WORK REQUIRED: Below are some records. Return exactly the lines from the one with "Ultrasound Images Of" to the one with "Breast Augmentation Before", and nothing else.

DATA SHOWN:
——————

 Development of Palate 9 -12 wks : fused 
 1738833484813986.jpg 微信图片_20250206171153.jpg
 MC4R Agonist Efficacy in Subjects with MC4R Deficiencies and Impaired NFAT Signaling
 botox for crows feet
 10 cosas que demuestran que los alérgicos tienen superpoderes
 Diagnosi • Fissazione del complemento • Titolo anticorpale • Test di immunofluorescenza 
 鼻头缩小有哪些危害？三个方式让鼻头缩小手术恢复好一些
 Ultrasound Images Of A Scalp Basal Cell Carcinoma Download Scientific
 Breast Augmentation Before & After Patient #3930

——————

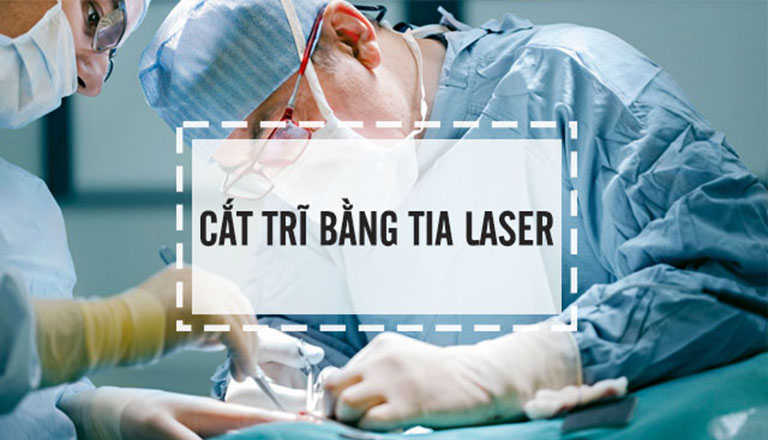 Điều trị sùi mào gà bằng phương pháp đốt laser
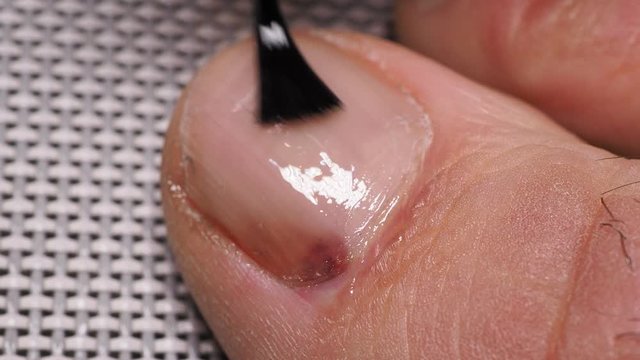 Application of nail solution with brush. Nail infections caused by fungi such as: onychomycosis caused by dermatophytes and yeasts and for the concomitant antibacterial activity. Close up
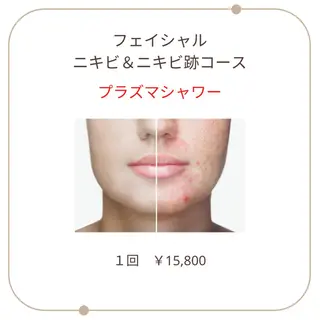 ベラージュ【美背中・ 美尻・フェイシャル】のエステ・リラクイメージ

——————

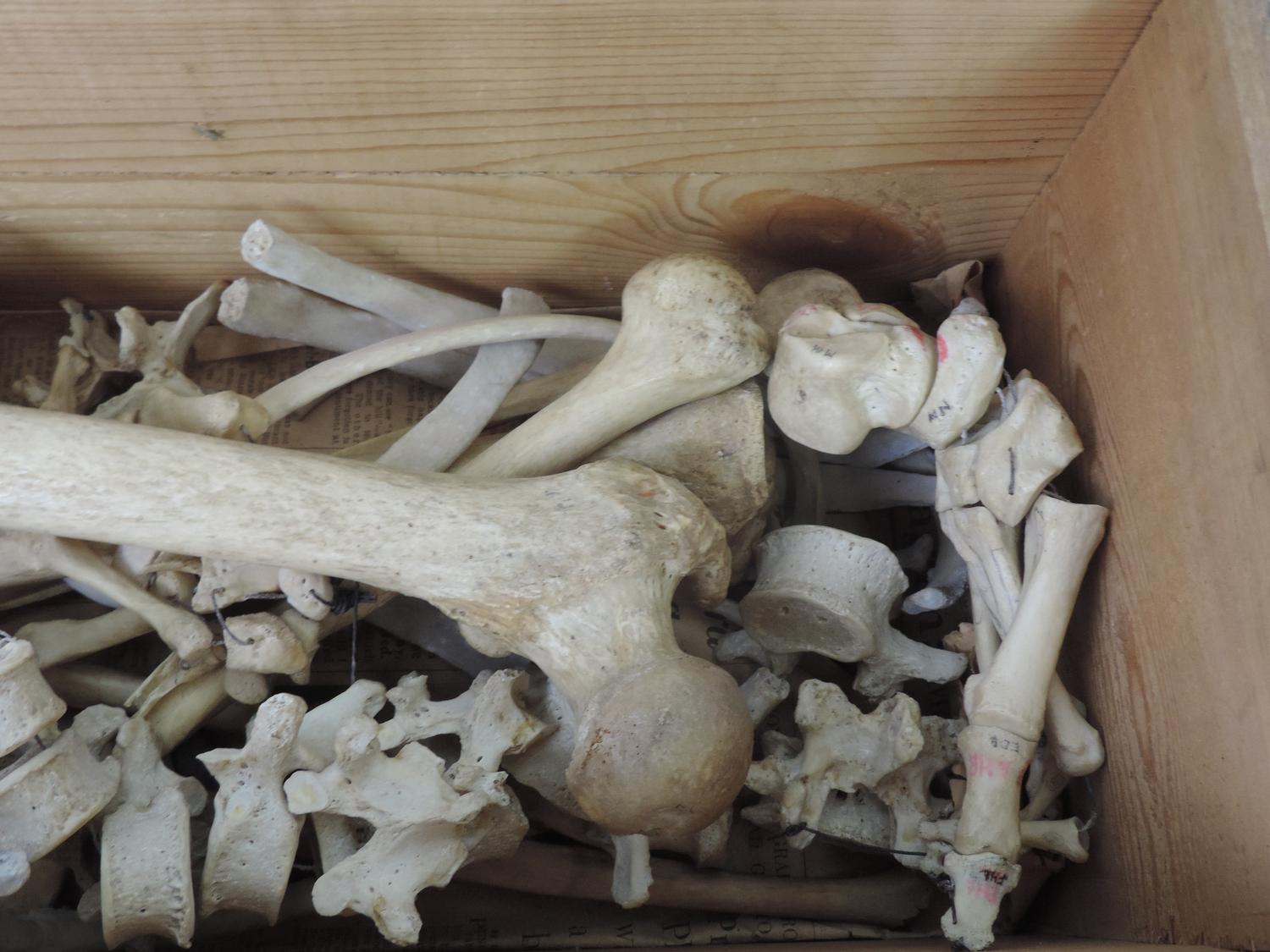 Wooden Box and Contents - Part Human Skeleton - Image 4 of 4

——————

RESPONSE FOR THIS EXERCISE:
 Ultrasound Images Of A Scalp Basal Cell Carcinoma Download Scientific
 Breast Augmentation Before & After Patient #3930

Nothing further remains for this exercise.